# Introduce yourself



## Poco (May 6, 2015)

Hi everyone, 

I've been browsing this site for a while and been back and forth between forums. I've noticed that every other forum has an introduce yourself section, so im hoping to create one for expats in South Africa. 

Please feel free to post a short something about yourself. 

Here goes: I am a South African, hoping to relocate to the UK soon for love, BUT i am proudly South African and if anyone has any questions about this beautiful land, South Africa, please feel free to ask.
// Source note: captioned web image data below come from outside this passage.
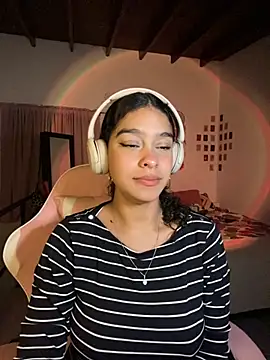 Arteatenea   online show from December 4, 4:22 am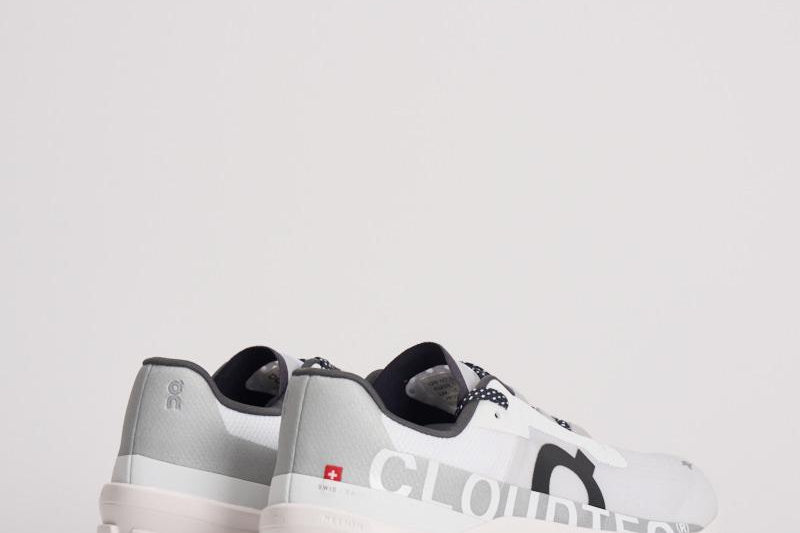 Sneakers monster donna MONSTER. ALL WHITE ON RUNNING 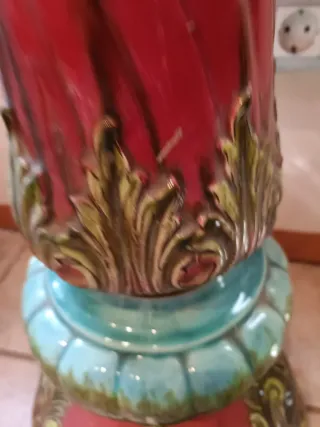 Jarrón antiguo con columna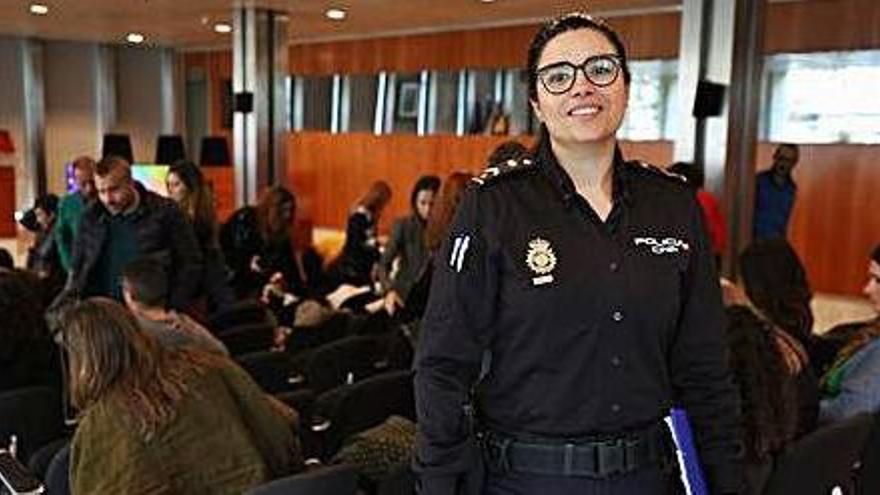 La subinspectora López, durante un receso en la jornada de ayer.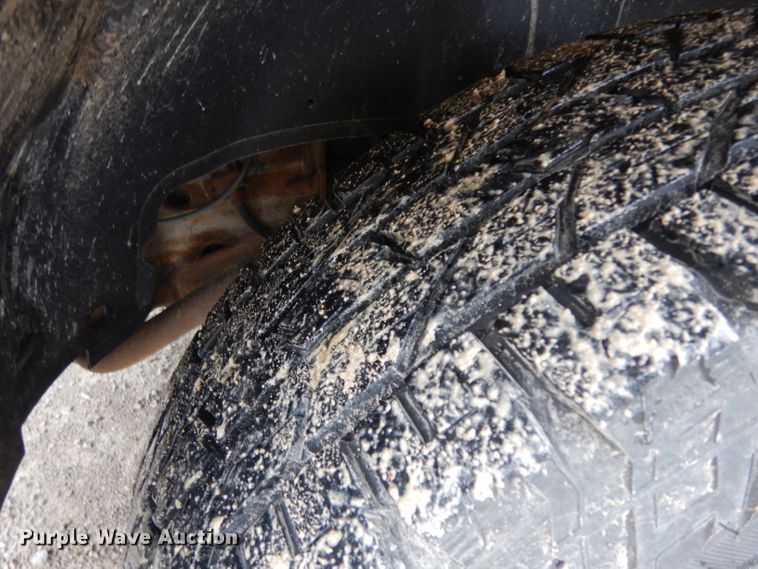 image for item GX9981 2005 Chevrolet Silverado 1500  pickup truck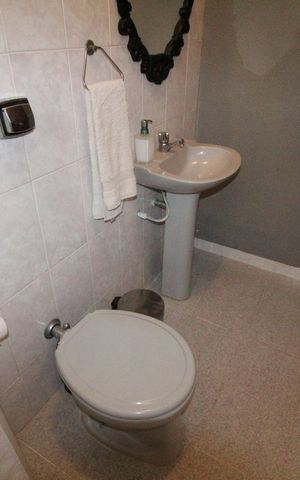 Casa de condomínio para alugar com 450m², 4 quartos e 6 vagasBanheiro 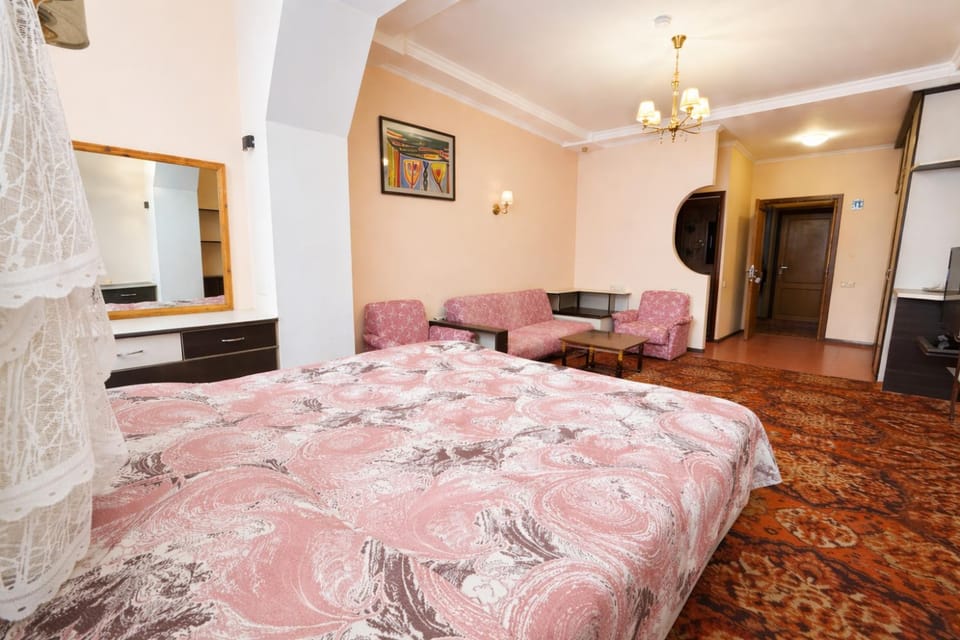 Дом Писателей Цахкадзора Hotel in Armenia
I am a female, living and working in Cape Town.


----------



## killerkrish (Jan 18, 2015)

hi poco

my self krishna..iam frm india...applied for critical skills visa on june 30th and eagerly waiting fr the visa...once i get my visa iam planning to move to cape town..i.e campsbay area in westrem cape.. by profession iam into computer networks... system engineer/data center operations/desktop support engineer r the skilss i choosed fr my critical skills visa.. can tell me more about camps bay area?? i would like to know how secure it is, cost of living and job oppurtunities etc.. hope to heaar from u... thanks in advance.. have a super day ahead


----------



## rajeswar2015 (Feb 3, 2015)

Hi Everyone,

I'm Rajeswaran(B.E, MBA) from India, looking for CSV in Mechanical engineering domain with 7 years experience. I have applied for ECSA registration (april-2015) and now waiting for Interview ( date not informed). Looking for advice from similar domain friends

Thanks


----------